Read Guru Granth Sahib Ji! 

It's there to be Read and Applied, not just bowed down to every so often.

The Gyan is Guru, how can u bow down to the Gyan(Guru) if u dont even know what it is..


----------



## Tejwant Singh (Sep 19, 2017)

Sikhilove ji,

Guru fateh.

"Read Guru Granth Sahib Ji! 

It's there to be Read and Applied, not just bowed down to every so often.

The Gyan is Guru, how can u bow down to the Gyan(Guru) if u dont even know what it is.."

Pardon my ignorance, but I have no idea what you mean and please try not to undermine our seekers by
concluding on your own as if they do not know what they are talking about.
Guru Nanak taught us to be conversationalists. Let's adhere to his vision.
Please elaborate your thought so we can all learn from it.

Thanks & regards
Tejwant Singh


----------



## Sikhilove (Sep 19, 2017)

Tejwant Singh said:


> Sikhilove ji,
> 
> Guru fateh.
> 
> ...



My post speaks for itself. On the first few pages on Gurbani it instructs us to wake up at Amrit vela and to meditate on Naam/ Truth.

How can one claim to be a Sikh of the Guru if they can't read the first few pages of His teachings?

Not even the whole Granth, but at Least the first few pages..

Unless JapjiSahibJi is a new learner, in which case it's understandable & I must apologise.


----------



## Tejwant Singh (Sep 19, 2017)

Sikhilove said:


> My post speaks for itself. On the first few pages on Gurbani it instructs us to wake up at Amrit vela and to meditate on Naam/ Truth.
> 
> How can one claim to be a Sikh of the Guru if they can't read the first few pages of His teachings?
> 
> Not even the whole Granth, but at Least the first few pages..



Sikhilove ji,

Guru Fateh.

If your post spoke for itself, then there would be no reason to ask you then.

Let me simplify it for you. Which Vela-Time is not for Amrit- Guru Shabad then.
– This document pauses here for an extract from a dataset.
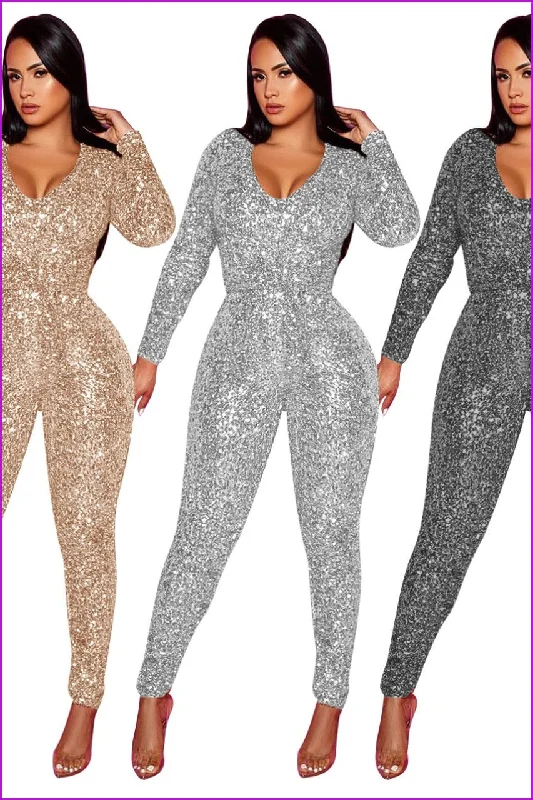 Sequins Jumpsuit Women Bodycon Long Sleeve Rompers with Belt F414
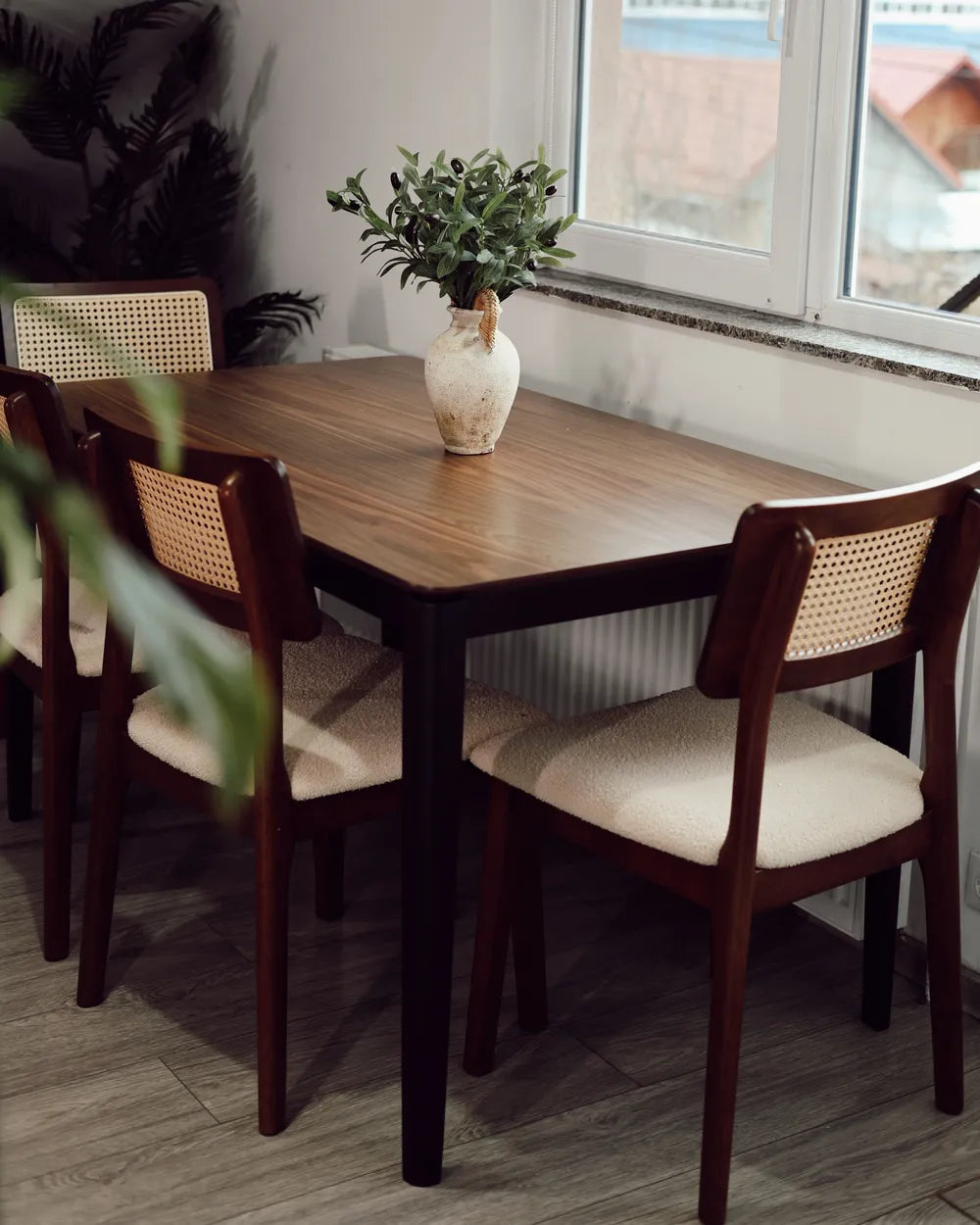 CEDAR ダイニングテーブル ダークウォールナット 135×80cm 長方形 MDF天板 ラバーウッド脚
Are you trying to claim that the sevadaars in Bangladesh who are helping the refugees only do seva in the early hours in the morning because they are practising Sach Naam 24/7?
What is the discrepancy here?


----------



## Sikhilove (Sep 19, 2017)

Tejwant Singh said:


> Sikhilove ji,
> 
> Guru Fateh.
> 
> ...



Youre right, Truth Practice is 24/7, we are in constant Samadhi and one hole of doubt in practice is detrimental to staying on the path.

However, Amrit Vela is the most powerful time to go into deep meditation. The Gurus did it, Saints from the past and present do it.

What u can learn in deeper meditation is divine. Try it and see.


----------



## Tejwant Singh (Sep 19, 2017)

Sikhilove said:


> Youre right, Truth Practice is 24/7, we are in constant Samadhi and one hole of doubt in practice is detrimental to staying on the path.
> 
> However, Amrit Vela is the most powerful time to go into deep meditation. The Gurus did it, Saints from the past and present do it.
> 
> What u can learn in deeper meditation is divine. Try it and see.



Please respond to my question in a specific manner as asked. Which Vela is not for Amrit? Thanks.


----------



## japjisahib04 (Sep 20, 2017)

Sikhilove said:


> I still go into Sunn samadhi at Amrit vela, before I used to mediate in the day and go into it also.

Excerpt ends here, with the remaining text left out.